Soil filtration-sedimentation improves shelled protist discovery in
eukaryotic eDNA surveys
Abstract
A large part of the soil protist diversity is missed in metabarcoding
studies based on 0.25 g of soil environmental DNA (eDNA) and universal
primers due to ca. 80 % co-amplification of non-target plants, animals
and fungi. To overcome this problem, enrichment of the substrate used
for eDNA extraction is an easyly implemented option but its effect has
not yet been tested.
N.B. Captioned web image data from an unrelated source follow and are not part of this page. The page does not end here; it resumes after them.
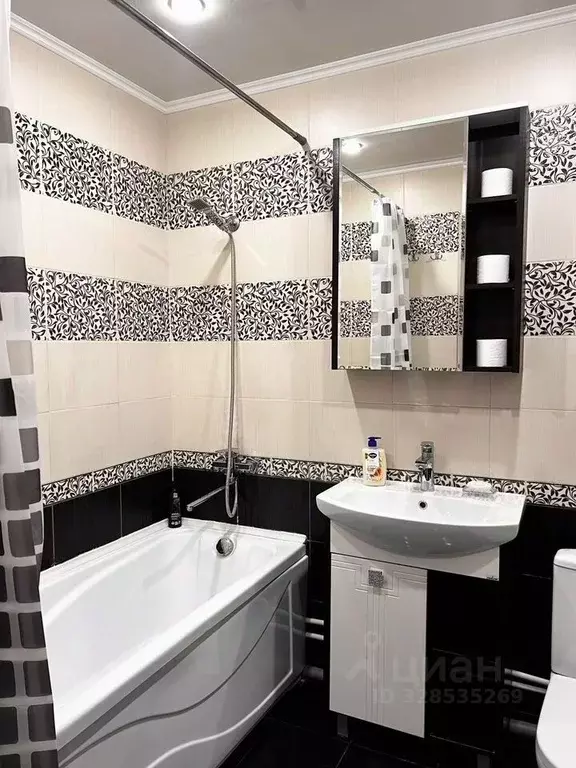 1-к кв. Брянская область, Брянск ул. Комарова, 51 (45.0 м) - Фото 2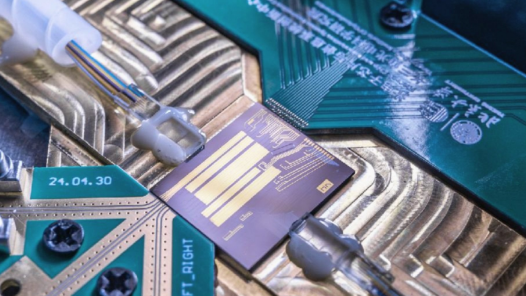 我国刷新光通信传输纪录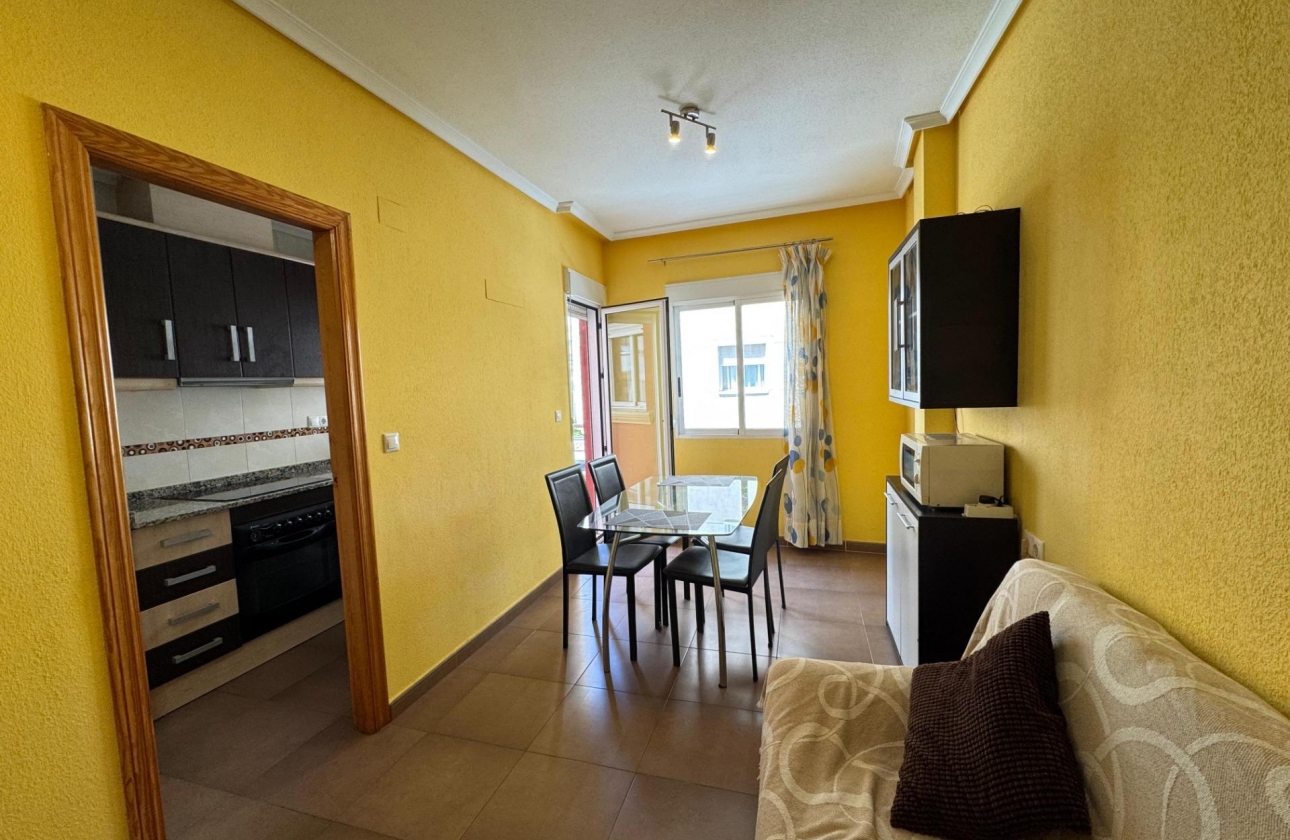 Rynek wtórny - Apartament - Torrevieja - Centro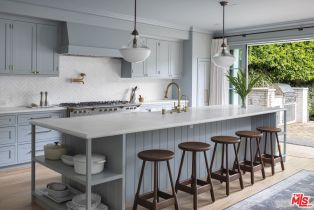 Single Family Residence, 708 Rexford dr, Beverly Hills, CA 90210 - 7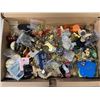 Image 2 : BOX OF OVER 200 PINS AND MAGNETS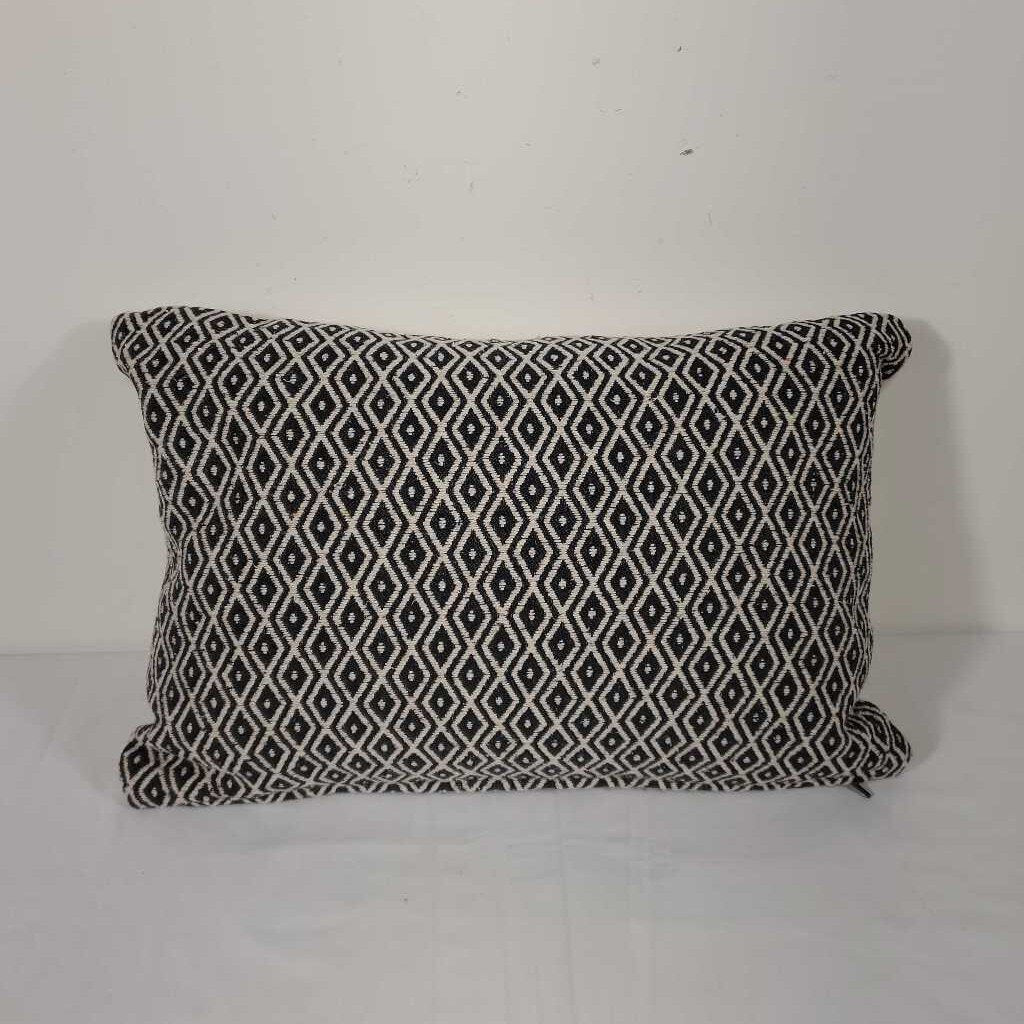 DIAMOND LUMBAR PILLOW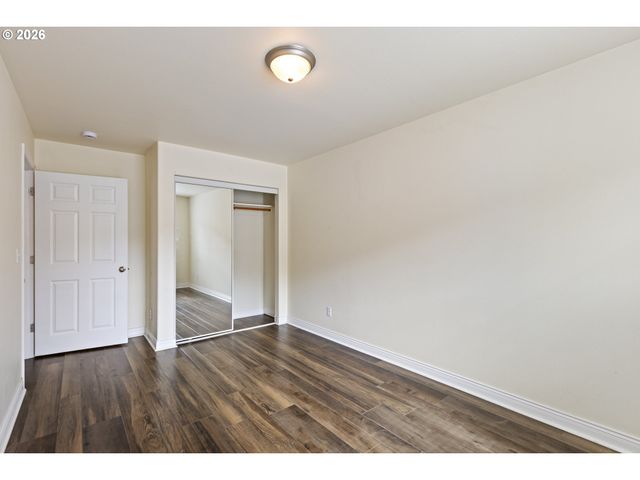 1463 FOUR SEASONS Dr, Roseburg, OR 97470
In this study, we evaluated the effect of a 150 µm
mesh size filtration and sedimentation method to improve the recovery of
protist eDNA, while reducing the co-extraction of plant, animal and
fungal eDNA, using a set of contrasted forest and alpine soils from La
Réunion, Japan, Spain and Switzerland. Biodiversity of the whole
eukaryotic community was estimated with V4 18S rRNA metabarcoding and
classical amplicon sequence variant calling. A 2-3-fold enrichment in
shelled protists (Euglyphida, Arcellinida and Chrysophyceae) was
observed at the sample level with the proposed method, with, at the same
time, a 2-fold depletion of Fungi and a 3-fold depletion of
Embryophyceae. Protist alpha diversity was slightly lower in filtered
samples due to reduced coverage in Variosea and Sarcomonadea, but
significant differences were observed in only one region. Beta diversity
was mostly impacted by region and habitat, and explained the same
variance in bulk soil and filtered samples. The increase resolution in
the soil protist diversity provided by the filtration-sedimentation
method is a strong argument to include it in the standard preparation of
any future soil for protist eDNA metabarcoding studies.